Have been meaning to write about this, but I’m increasingly amazed at the overall lack of an uproar about the possibility of the government approving another corporate tax repatriation holiday.
I’ve been in and out of DC a few times in recent weeks and one thing I keep hearing is that there is a growing, and real, possibility that a second “one-time tax holiday” will be approved for corporations as part of whatever sordid deal emerges from the debt-ceiling negotiations.
I passed it off as a bad joke when I first saw news of this a few weeks ago, when it was reported that Wall Street whipping boy Chuck Schumer was seriously considering the idea. Then I read later on that other Senators were jumping on the bandwagon, including North Carolina’s Kay Hagan.

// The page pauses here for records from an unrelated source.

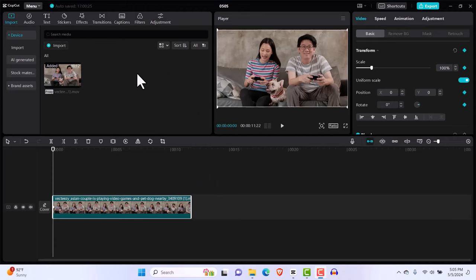So how do we change keyframes for both videos and text when it comes to color? That's what I'm about to show you.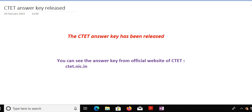You can check the answer key from its official site, that is ctet.nic.in. You don't have to deal with any channel, don't panic. Directly go to the official website and you can check the answer key.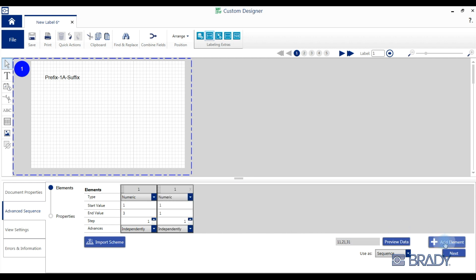Add additional elements to your sequence using the add element button. You'll notice that under element type you have eight different options.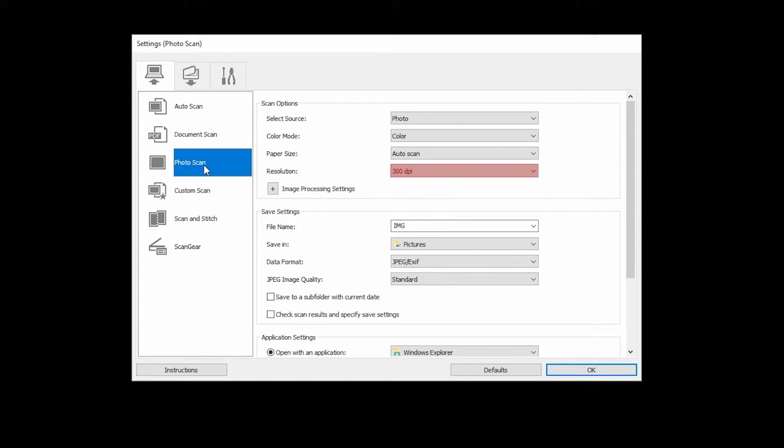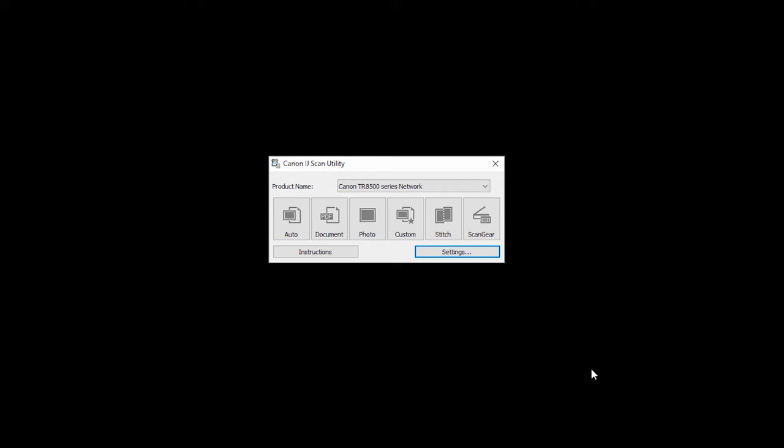Verify that the resolution is set at 300 dpi and the Save In setting shows the folder you'd like your scan to be saved in. Click OK.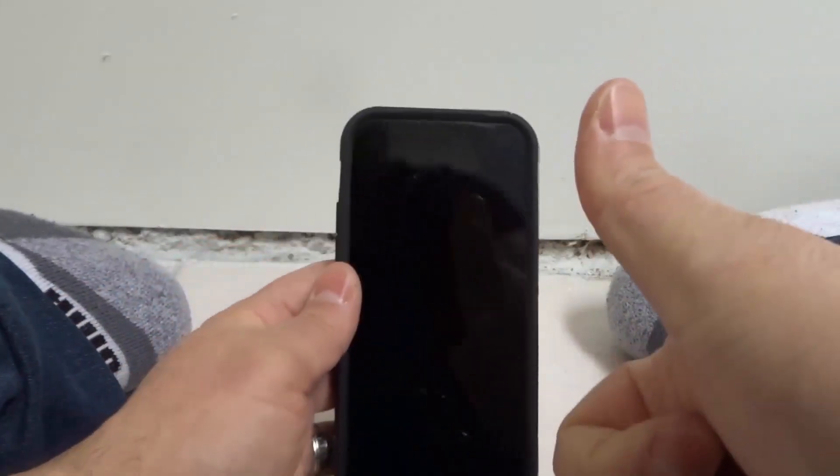That's it — that is how to close apps on an iPhone 12. If you like this video, please give it a thumbs up, let me know what you think in the comments below, and be sure to subscribe for more great videos. Thanks for watching!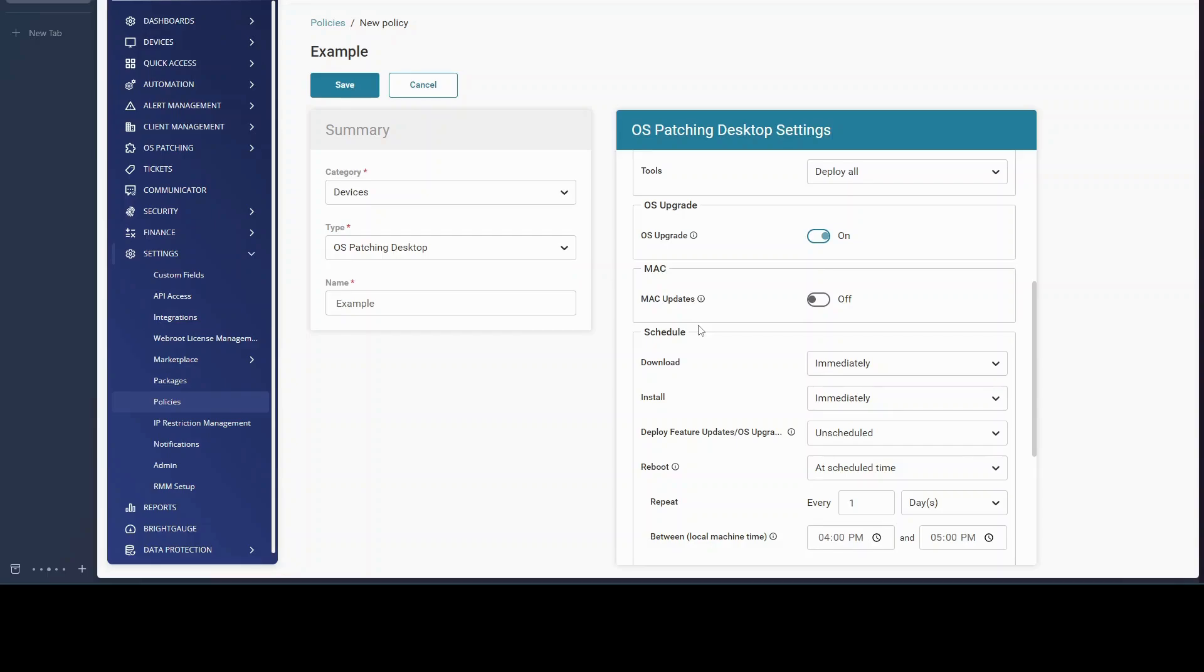So please review this option in ConnectWise RMM and determine if it is a good option for you and your partners.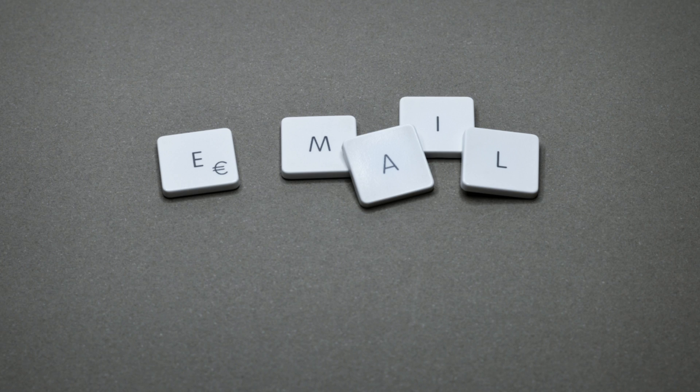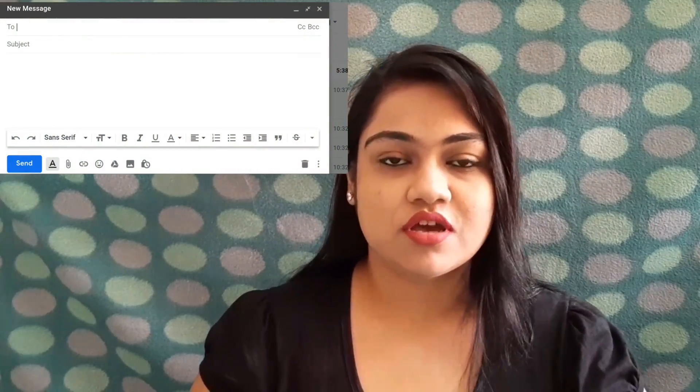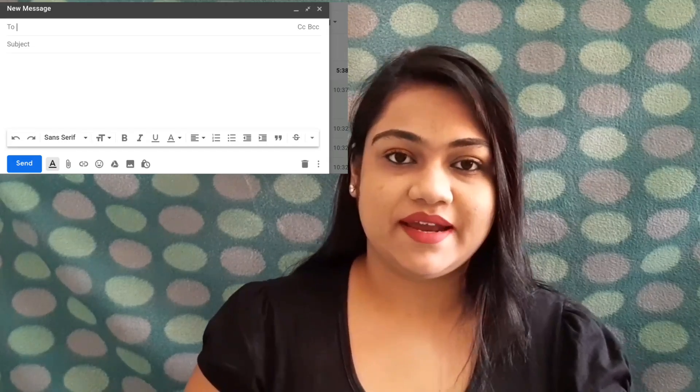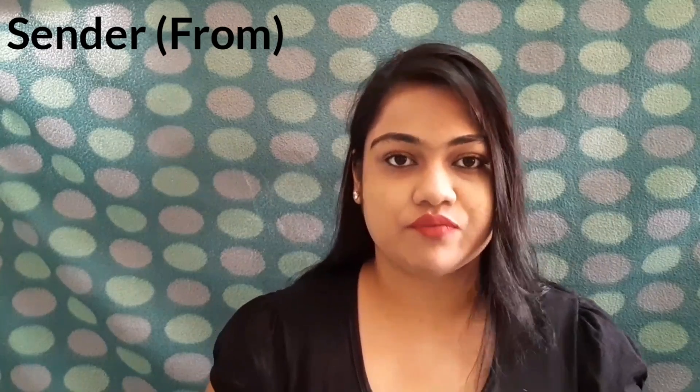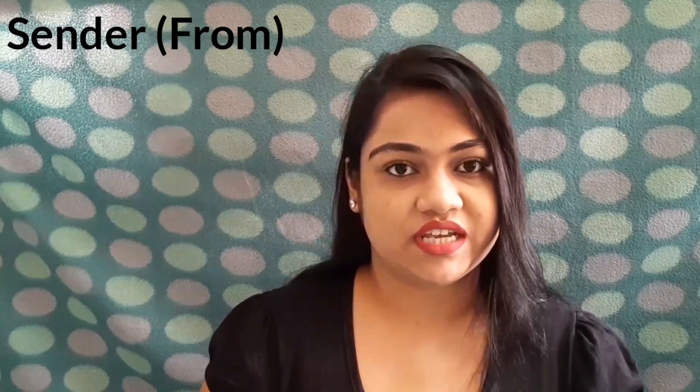Let's start with email components — the basic parts of an email. When you open your mailbox, you can view the From email ID, the To box, a Subject field, and the body of the message. These are the parts of a mailer. First comes the sender, which is you — your email ID will be written in the sender's column, which is the From field.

This is what Hagan’s spokesperson said:
Senator Hagan is looking closely at any creative, short-term measures that can get bipartisan support and put people back to work. One such potential initiative is a well-crafted and temporary change to the tax code that encourages American companies to bring money home and put it towards capital, investment, and–most importantly–American jobs.
For those who don’t know about it, tax repatriation is one of the all-time long cons and also one of the most supremely evil achievements of the Washington lobbying community, which has perhaps told more shameless lies about this one topic than about any other in modern history – which is saying a lot, considering the many absurd things that are said and done by lobbyists in our nation’s capital.
Here’s how it works: the tax laws say that companies can avoid paying taxes as long as they keep their profits overseas. Whenever that money comes back to the U.S., the companies have to pay taxes on it.
Think of it as a gigantic global IRA. Companies that put their profits in the offshore IRA can leave them there indefinitely with no tax consequence. Then, when they cash out, they pay the tax.
Only there’s a catch. In 2004, the corporate lobby got together and major employers like Cisco and Apple and GE begged congress to give them a “one-time” tax holiday, arguing that they would use the savings to create jobs. Congress, shamefully, relented, and a tax holiday was declared. Now companies paid about 5 percent in taxes, instead of 35-40 percent.
Money streamed back into America. But the companies did not use the savings to create jobs. Instead, they mostly just turned it into executive bonuses and ate the extra cash. Some of those companies promising waves of new hires have already committed to massive layoffs..
It was bad enough when lobbyists managed to pull this trick off once, in 2004. But in one of the worst-kept secrets in Washington, companies immediately started to systematically “offshore” their profits right after the 2004 holiday with the expectation that somewhere down the road, and probably sooner rather than later, they would get another holiday.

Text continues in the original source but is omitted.